Vielfalt des Wohnens mit Unterstützung
ZKB – diese drei Buchstaben umschreiben in Kleinanzeigen, was angeboten wird: ein Zimmer mit Küche und Bad. Das ist die übliche Anforderung von Menschen hierzulande, wenn sie auf der Suche nach einer neuen Bleibe sind. Wohnung besichtigt, Mietvertrag unterschrieben, eingezogen – im Idealfall läuft es so. Das setzt ein bestimmtes Maß an Selbständigkeit voraus. Wie aber ergeht es Menschen mit Beeinträchtigungen, die neben „Zimmer, Küche, Bad“ beim Wohnen noch weitere Anforderungen haben?
Etliche Antworten auf diese Frage haben wir. Unsere Wohnhäuser, in denen sich jeweils mehrere Wohngruppen befinden, bieten ihren Bewohnern nicht nur einen häuslichen Rahmen, sondern auch die passgenau auf sie zugeschnittene Unterstützung. Dort können sie mit größtmöglicher Selbständigkeit in Gemeinschaften leben und bekommen professionelle Unterstützung in ihrem Alltag.
Ziel ist es, Menschen mit Beeinträchtigung ein Wohnangebot zu machen, in dem sie Privatsphäre und Eigenständigkeit in einer überschaubaren Gemeinschaft erleben können und wo sie individuelle Unterstützung für ihren Lebensalltag erhalten. Individualisierung, Selbst- und Mitbestimmung sind unsere Leitlinien und auch in unserem Leitbild verankert. Wohnen soll die Entwicklung jedes Einzelnen und den Wunsch nach Teilhabe an der Gesellschaft unterstützen.

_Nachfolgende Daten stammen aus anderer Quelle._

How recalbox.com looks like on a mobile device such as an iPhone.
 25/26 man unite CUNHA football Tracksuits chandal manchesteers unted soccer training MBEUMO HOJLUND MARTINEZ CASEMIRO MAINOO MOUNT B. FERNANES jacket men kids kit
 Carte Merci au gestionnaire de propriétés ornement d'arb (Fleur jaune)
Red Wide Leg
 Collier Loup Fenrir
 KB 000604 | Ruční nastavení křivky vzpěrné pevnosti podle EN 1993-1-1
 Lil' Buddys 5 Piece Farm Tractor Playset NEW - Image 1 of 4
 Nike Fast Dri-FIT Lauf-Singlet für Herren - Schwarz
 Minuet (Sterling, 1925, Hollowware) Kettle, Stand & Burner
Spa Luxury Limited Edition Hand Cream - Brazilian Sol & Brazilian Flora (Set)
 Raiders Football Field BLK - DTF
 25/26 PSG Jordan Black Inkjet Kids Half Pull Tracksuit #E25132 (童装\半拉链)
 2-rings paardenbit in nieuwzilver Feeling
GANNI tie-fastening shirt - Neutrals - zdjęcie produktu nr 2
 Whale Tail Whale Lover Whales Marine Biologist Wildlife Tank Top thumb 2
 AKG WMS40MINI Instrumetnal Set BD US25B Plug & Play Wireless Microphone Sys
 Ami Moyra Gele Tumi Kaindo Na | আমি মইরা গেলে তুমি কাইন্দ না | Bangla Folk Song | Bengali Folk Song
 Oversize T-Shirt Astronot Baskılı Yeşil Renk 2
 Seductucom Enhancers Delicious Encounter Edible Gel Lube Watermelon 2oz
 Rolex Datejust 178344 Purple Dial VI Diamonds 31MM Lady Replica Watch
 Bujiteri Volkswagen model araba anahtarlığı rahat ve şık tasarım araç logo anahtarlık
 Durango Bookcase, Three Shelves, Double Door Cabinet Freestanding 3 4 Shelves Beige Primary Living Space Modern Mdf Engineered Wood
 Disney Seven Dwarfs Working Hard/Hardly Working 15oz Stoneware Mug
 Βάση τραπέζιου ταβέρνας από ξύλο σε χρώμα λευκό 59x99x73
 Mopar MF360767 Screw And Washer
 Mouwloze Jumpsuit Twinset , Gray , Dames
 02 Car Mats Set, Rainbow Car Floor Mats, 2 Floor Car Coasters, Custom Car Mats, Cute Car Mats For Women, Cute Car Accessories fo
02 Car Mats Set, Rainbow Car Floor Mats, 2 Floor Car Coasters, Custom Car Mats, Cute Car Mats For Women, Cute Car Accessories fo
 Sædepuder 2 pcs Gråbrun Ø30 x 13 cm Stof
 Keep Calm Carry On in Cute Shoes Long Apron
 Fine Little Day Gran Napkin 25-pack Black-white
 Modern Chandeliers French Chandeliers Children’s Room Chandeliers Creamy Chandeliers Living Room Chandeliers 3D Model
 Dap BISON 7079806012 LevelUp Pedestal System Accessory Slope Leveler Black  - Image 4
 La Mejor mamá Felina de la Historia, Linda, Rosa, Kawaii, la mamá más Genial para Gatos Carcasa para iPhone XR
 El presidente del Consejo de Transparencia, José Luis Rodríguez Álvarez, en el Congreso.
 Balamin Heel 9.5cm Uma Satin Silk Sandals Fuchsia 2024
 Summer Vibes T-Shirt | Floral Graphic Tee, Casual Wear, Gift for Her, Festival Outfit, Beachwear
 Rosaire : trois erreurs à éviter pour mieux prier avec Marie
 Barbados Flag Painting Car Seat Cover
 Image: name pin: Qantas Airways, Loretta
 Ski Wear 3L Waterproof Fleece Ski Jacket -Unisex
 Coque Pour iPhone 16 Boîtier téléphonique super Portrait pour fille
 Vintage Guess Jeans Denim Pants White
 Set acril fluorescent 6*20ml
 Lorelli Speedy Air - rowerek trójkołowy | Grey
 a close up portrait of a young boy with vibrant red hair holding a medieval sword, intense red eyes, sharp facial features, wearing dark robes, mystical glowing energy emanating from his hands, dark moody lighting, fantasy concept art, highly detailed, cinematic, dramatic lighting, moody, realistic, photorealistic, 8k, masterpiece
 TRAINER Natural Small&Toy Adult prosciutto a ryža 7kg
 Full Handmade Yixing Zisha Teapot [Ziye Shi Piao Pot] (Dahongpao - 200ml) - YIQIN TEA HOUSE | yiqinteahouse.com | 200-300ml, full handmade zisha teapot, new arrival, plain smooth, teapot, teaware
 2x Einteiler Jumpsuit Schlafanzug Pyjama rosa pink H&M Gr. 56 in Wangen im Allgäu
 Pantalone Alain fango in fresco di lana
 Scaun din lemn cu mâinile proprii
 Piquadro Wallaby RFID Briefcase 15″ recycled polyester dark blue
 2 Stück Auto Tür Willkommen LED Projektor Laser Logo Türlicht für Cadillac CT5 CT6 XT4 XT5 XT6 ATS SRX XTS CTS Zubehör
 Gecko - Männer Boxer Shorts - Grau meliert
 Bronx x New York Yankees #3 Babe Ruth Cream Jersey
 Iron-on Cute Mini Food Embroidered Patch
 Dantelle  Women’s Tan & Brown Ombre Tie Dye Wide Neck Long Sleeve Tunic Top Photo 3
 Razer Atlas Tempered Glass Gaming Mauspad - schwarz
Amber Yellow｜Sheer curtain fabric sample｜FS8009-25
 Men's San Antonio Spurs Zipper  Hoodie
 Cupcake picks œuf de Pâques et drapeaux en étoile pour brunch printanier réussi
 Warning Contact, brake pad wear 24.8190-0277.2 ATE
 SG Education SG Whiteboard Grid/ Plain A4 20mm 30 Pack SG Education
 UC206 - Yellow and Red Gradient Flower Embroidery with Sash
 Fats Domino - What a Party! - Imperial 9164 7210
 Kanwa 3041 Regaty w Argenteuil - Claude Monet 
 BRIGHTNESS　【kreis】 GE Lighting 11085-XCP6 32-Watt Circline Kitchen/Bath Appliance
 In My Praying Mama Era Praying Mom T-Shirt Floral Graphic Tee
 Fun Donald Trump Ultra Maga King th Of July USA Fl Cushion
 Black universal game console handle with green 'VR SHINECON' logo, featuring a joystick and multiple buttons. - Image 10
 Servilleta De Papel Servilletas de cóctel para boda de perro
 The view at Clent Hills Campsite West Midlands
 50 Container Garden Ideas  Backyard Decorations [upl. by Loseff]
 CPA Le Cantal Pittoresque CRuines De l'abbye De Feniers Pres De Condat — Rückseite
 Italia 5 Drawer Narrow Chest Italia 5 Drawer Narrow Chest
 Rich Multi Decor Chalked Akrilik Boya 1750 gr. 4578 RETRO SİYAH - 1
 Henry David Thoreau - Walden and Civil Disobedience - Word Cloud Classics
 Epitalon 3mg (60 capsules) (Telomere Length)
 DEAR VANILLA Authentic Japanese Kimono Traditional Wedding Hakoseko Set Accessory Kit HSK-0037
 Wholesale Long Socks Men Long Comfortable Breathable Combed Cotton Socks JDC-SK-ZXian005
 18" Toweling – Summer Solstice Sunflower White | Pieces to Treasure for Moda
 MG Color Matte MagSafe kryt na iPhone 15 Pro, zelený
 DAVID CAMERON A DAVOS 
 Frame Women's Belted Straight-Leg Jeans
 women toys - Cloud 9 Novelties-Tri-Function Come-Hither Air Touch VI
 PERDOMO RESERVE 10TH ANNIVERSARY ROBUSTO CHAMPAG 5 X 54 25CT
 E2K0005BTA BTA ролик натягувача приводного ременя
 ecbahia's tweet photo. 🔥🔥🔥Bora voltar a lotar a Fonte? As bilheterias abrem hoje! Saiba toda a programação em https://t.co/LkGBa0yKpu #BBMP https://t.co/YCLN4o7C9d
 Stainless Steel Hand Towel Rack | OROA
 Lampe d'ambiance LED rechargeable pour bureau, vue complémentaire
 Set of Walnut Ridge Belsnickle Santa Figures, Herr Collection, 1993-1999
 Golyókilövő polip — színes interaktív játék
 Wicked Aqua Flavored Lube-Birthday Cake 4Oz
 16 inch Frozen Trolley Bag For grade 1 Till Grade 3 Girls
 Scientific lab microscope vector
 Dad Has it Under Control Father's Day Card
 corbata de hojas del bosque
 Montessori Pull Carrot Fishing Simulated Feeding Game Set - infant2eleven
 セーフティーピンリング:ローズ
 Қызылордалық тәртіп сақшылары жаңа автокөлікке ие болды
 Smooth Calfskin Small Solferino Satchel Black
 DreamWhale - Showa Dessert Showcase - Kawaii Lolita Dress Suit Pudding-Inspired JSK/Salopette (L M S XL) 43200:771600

Menschen in unseren Wohngruppen, die bereits das Rentenalter erreicht haben, können zudem das Angebot unserer Seniorengruppen nutzen, die ihnen eine interne Tagesstruktur geben. Gleichzeitig bieten wir aber auch denjenigen, die in einer eigenen Wohnung leben möchten, ambulante Betreuung an. Und für kurzzeitige Betreuung halten wir Gastzimmer vor.